The underlying DSP algorithm is a physical model of the human voice, similar to the model you'd find in Pink Trombone [1], but with some added improvements. The DSP code for that is a small crate [2] I've been working on just for singing synthesizers based on previous work I've done.
0: https://github.com/paulBatchelor/trio
atech4826|1 year ago
Apologies for the late comment, but I had a query I wanted to share.
Would it be possible for you to create a tool that allows users to mimic human emotional sounds directly in the browser? I’m thinking of sounds like realistic coughs, sighs, gasps, and other vocal expressions like shouting or crying etc . It would be amazing if the tool could optionally incorporate TTS, but even without it, the functionality would be very valuable for content creators or people who need custom sound effects.

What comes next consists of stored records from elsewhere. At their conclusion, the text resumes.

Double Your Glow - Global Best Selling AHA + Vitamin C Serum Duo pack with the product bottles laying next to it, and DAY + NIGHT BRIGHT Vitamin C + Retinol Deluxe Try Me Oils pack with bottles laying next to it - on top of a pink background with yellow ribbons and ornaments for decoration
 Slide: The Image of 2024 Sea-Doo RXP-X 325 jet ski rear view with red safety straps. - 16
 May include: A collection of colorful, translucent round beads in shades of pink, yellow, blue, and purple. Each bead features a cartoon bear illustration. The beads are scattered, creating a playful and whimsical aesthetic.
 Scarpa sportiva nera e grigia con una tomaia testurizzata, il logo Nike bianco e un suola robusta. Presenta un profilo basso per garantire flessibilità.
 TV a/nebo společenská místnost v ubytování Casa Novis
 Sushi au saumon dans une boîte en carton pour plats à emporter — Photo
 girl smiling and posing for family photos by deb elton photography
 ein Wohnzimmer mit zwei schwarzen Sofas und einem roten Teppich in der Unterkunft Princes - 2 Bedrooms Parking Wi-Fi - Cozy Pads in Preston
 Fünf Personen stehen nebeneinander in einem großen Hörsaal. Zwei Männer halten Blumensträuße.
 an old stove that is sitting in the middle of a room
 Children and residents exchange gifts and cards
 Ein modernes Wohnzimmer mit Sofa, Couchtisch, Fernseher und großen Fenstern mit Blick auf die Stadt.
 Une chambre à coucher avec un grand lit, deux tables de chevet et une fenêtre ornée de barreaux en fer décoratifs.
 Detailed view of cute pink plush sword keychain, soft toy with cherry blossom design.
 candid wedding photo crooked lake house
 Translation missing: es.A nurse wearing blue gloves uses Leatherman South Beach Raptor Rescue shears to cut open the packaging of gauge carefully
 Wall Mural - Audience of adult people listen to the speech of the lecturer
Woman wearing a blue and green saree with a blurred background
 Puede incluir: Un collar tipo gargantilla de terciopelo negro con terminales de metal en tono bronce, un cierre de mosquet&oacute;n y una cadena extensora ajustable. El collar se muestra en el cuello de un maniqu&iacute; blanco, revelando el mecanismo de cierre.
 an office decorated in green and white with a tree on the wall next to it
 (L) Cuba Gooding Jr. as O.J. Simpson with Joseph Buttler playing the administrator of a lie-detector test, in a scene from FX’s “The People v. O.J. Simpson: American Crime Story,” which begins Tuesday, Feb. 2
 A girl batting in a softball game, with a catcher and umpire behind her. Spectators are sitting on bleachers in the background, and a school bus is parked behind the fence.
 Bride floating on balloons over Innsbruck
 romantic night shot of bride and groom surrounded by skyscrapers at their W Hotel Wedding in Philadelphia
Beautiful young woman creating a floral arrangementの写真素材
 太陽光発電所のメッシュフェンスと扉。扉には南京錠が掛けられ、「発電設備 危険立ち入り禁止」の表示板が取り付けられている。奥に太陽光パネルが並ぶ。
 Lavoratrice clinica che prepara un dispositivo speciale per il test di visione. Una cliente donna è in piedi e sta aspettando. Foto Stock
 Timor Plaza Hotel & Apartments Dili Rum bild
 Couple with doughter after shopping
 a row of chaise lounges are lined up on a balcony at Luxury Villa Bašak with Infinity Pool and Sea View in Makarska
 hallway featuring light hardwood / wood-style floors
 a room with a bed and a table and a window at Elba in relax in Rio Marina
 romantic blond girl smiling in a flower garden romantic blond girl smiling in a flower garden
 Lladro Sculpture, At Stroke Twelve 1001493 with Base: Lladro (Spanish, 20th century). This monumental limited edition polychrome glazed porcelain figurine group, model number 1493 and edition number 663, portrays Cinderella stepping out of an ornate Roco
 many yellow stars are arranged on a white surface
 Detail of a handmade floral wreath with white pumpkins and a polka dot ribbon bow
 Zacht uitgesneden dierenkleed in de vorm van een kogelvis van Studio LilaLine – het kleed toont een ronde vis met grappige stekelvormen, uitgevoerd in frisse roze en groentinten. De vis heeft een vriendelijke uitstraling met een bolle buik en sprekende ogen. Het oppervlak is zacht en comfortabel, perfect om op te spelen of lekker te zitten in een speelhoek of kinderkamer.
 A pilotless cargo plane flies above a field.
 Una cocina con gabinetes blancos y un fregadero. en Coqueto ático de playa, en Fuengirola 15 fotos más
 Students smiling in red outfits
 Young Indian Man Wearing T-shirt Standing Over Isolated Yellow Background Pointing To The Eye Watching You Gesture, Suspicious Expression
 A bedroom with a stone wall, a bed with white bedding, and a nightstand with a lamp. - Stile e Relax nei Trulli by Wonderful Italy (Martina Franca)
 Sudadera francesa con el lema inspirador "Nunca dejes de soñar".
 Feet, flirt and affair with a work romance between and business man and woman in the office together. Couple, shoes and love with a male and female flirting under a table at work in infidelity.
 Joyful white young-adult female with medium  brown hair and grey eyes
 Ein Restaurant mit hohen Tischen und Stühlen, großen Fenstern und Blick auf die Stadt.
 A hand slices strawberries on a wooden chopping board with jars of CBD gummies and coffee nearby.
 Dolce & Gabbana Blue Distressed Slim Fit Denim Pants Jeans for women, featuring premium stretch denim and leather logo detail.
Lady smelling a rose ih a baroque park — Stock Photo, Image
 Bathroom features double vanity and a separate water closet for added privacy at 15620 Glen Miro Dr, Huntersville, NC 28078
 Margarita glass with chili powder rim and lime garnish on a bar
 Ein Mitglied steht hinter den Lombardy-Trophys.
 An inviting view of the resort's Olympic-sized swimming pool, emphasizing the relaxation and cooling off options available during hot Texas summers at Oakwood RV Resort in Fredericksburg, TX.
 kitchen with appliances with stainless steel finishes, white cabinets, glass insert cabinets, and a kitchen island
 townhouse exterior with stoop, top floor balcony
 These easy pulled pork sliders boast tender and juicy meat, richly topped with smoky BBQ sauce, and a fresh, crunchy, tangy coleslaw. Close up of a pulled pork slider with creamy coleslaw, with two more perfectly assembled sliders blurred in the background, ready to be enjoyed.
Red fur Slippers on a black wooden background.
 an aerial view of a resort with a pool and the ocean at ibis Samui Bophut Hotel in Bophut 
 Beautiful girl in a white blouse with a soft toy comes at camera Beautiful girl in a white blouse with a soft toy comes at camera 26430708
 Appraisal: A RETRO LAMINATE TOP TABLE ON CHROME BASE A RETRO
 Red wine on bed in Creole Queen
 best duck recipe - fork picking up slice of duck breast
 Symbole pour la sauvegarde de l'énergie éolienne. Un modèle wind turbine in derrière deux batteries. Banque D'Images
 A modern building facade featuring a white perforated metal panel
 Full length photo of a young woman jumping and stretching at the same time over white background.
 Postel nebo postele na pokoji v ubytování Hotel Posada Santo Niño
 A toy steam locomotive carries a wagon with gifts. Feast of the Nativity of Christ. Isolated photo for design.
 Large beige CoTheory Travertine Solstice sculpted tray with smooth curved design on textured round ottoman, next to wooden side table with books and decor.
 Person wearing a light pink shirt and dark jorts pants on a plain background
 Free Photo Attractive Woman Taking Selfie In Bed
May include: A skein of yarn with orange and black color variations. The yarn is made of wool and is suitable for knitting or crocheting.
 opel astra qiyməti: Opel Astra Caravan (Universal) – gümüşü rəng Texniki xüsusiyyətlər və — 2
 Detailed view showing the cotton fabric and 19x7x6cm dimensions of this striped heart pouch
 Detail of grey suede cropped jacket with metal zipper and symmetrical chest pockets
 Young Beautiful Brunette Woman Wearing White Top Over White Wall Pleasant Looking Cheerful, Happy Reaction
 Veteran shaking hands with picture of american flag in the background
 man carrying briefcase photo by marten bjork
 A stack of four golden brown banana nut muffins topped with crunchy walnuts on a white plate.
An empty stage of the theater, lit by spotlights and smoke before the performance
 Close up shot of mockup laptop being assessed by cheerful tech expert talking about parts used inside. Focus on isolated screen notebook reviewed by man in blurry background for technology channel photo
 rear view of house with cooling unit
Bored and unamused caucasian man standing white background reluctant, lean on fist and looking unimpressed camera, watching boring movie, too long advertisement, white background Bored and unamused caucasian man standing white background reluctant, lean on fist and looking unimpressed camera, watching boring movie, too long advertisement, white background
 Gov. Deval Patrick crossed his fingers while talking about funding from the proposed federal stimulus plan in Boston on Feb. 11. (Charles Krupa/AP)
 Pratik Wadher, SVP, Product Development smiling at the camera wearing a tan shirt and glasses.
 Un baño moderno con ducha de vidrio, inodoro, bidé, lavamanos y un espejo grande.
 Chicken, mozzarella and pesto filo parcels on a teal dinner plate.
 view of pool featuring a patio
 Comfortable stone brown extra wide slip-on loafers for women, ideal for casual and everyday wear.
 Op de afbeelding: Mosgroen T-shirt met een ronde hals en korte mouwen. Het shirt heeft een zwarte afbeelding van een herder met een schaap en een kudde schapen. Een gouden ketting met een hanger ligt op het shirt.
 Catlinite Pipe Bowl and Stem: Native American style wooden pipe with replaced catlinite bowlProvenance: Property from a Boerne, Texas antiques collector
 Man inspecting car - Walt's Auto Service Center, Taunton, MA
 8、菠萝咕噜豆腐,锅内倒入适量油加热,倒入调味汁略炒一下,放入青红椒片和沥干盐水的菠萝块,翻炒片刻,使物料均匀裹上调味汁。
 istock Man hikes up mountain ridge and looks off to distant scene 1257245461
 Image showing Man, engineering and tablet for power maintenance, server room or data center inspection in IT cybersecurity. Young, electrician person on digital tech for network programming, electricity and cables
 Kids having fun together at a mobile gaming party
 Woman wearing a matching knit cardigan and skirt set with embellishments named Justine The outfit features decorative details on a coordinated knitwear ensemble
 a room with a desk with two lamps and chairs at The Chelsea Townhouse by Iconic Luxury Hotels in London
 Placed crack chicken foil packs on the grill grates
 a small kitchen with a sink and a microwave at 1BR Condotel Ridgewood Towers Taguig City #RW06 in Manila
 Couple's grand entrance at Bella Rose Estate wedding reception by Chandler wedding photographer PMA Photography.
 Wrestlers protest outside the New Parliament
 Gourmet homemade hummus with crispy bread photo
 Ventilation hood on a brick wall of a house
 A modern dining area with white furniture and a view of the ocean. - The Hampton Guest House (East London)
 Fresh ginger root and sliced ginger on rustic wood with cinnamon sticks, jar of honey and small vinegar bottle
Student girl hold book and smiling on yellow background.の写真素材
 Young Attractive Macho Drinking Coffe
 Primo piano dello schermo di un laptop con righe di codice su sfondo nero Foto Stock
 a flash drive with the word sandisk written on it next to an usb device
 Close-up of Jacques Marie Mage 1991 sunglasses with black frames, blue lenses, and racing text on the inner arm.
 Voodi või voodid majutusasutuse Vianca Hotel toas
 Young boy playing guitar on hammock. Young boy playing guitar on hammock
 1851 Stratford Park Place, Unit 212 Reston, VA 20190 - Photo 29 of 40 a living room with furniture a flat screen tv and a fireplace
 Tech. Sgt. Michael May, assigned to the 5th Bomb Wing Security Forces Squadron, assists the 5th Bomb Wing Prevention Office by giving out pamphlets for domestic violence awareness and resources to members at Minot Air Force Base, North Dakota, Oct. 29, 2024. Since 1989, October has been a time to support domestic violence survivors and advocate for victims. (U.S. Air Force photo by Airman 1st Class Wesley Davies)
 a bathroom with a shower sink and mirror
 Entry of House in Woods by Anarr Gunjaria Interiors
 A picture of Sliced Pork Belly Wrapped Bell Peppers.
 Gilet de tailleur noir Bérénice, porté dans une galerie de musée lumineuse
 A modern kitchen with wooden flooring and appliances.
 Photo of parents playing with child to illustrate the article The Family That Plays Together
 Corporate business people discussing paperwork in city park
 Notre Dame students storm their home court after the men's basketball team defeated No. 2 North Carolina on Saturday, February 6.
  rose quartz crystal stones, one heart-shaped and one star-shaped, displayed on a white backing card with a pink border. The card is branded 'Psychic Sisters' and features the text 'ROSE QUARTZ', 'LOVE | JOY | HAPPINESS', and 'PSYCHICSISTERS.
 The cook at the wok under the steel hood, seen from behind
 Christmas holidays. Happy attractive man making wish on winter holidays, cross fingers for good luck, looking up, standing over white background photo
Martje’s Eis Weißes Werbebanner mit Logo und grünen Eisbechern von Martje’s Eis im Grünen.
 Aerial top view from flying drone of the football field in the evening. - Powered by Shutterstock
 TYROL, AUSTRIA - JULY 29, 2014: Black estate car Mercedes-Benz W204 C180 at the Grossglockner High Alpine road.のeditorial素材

The idea is to let users customize these sounds by adjusting parameters such as intensity, pitch, and duration. It could also include variations for emotional contexts, like a sad sigh, a relieved sigh, a startled gasp, or a soft cough. An intuitive interface with sliders and buttons to tweak and preview sounds in real-time would make it super user-friendly, with options to save or export the generated audio much like the project pinktrombone
I’m quite new to this field and only have basic experience with HTML, CSS, and JavaScript. However, I am very much interested in this area and I was wondering if this is something that could be achieved using tools like CursorAI or similar AI-based solutions? Or better yet, is it possible for you to create something like this for people like me who aren’t very tech-savvy?
Thank you so much
zebproj|1 year ago
What a beautiful idea. Sadly, I do not think I currently have the skills required to build such a tool.
The underlying algorithms and vocal models I'm using here are just good enough to get some singing vowels working. You'd need a far more complex model to simulate the turbulent airflow required for a cough.
If you suspend disbelief and allow for more abstract sounds, I believe you can craft sounds that have similar emotional impact. A few years ago, I made some non-verbal goblin sounds [0] from very simple synthesizer components and some well-placed control curves. Even though they don't sound realistic, character definitely comes through.
0: https://pbat.ch/gestlings/goblins